----- Source records

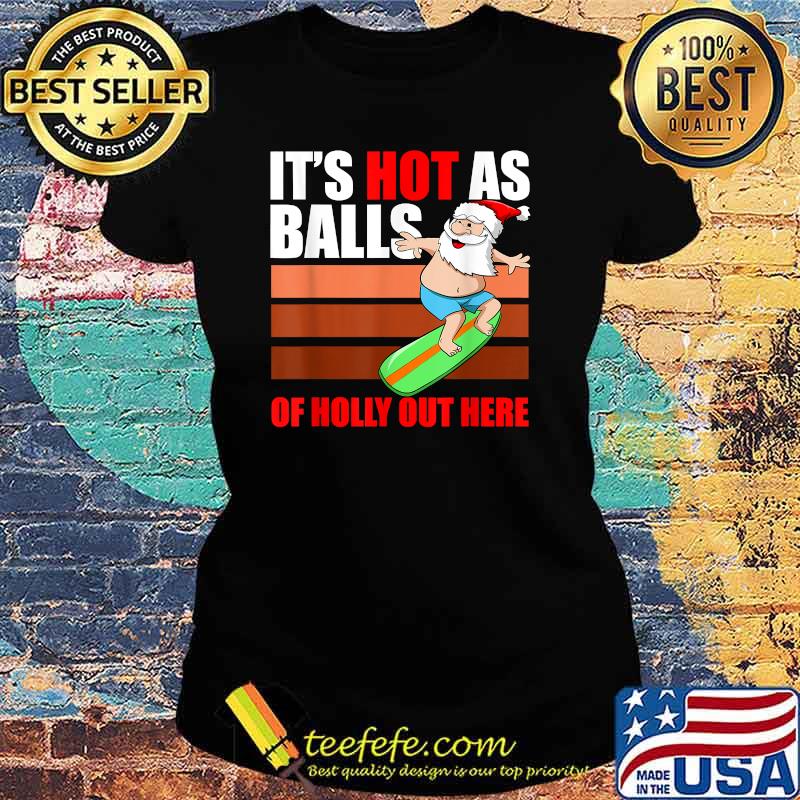 Its Hot As Balls Of Holly Out Here Surfer Santa Xmas Party Christmas In July T-Shirt Ladies tee Its Hot As Balls Of Holly Out Here Surfer Santa Xmas Party Christmas In July T-Shirt Ladies tee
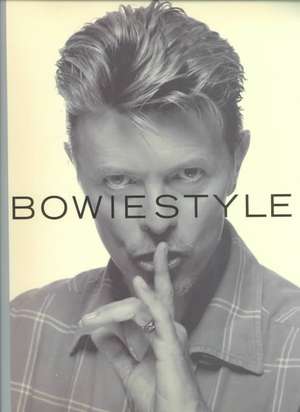 Bowiestyle de Mark Paytress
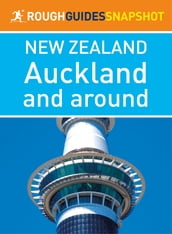 Auckland and around (Rough Guides Snapshot New Zealand)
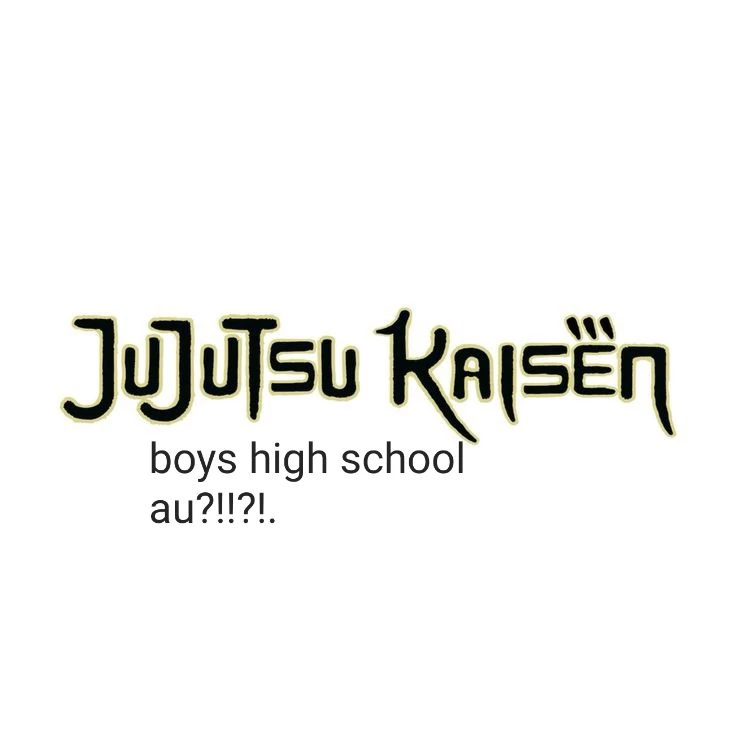 Jjk boys high school au?! thumbnail
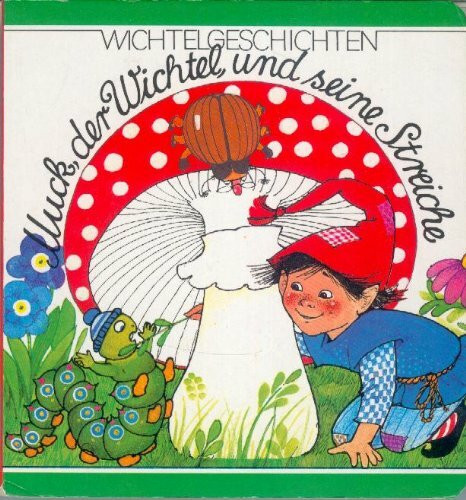 Muck, der Wichtel, und seine Streiche (Wichtelgeschichten)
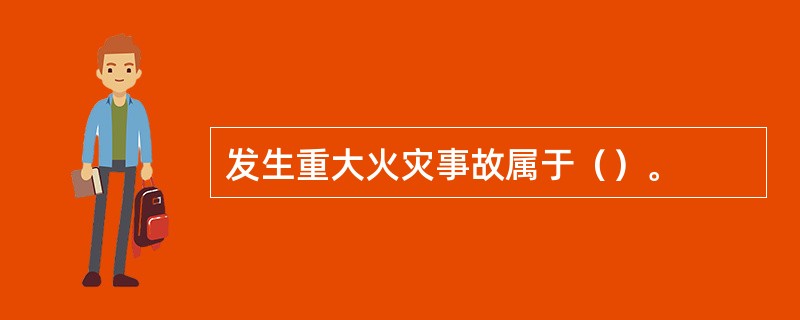 发生重大火灾事故属于（）。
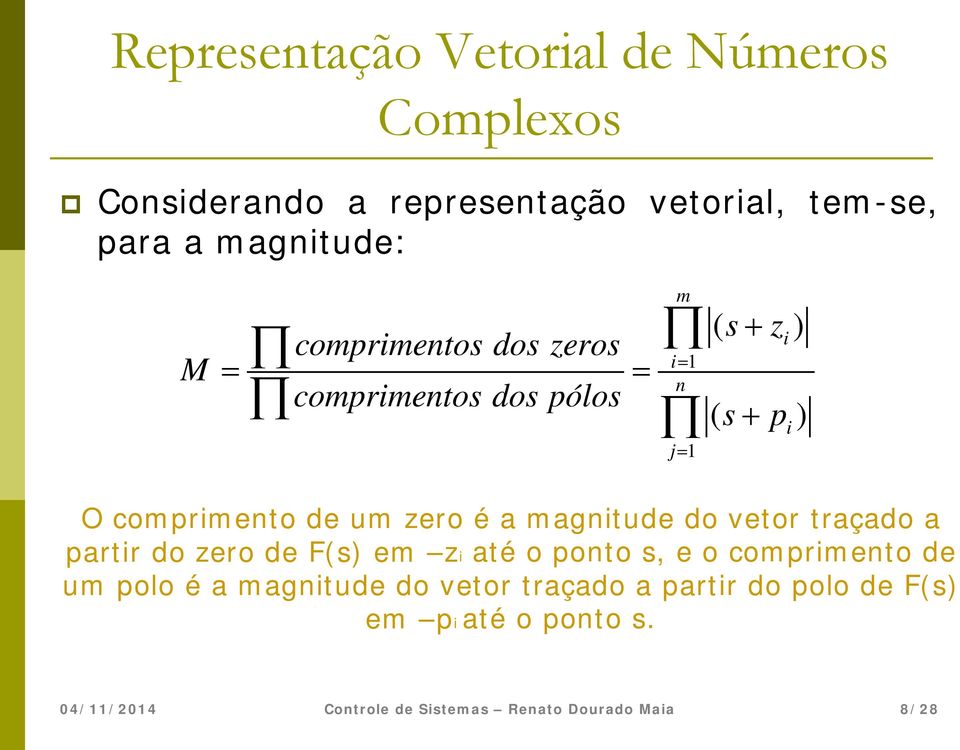 comprimento de um zero é a magnitude do vetor traçado a partir do zero de F(s) em zi até o ponto s,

----------

__Exercise goal__. Could the entries above be returned verbatim, with no pictures included?

__Solution below__.
 Its Hot As Balls Of Holly Out Here Surfer Santa Xmas Party Christmas In July T-Shirt Ladies tee Its Hot As Balls Of Holly Out Here Surfer Santa Xmas Party Christmas In July T-Shirt Ladies tee
 Bowiestyle de Mark Paytress
 Auckland and around (Rough Guides Snapshot New Zealand)
 Jjk boys high school au?! thumbnail
 Muck, der Wichtel, und seine Streiche (Wichtelgeschichten)
 发生重大火灾事故属于（）。
 comprimento de um zero é a magnitude do vetor traçado a partir do zero de F(s) em zi até o ponto s,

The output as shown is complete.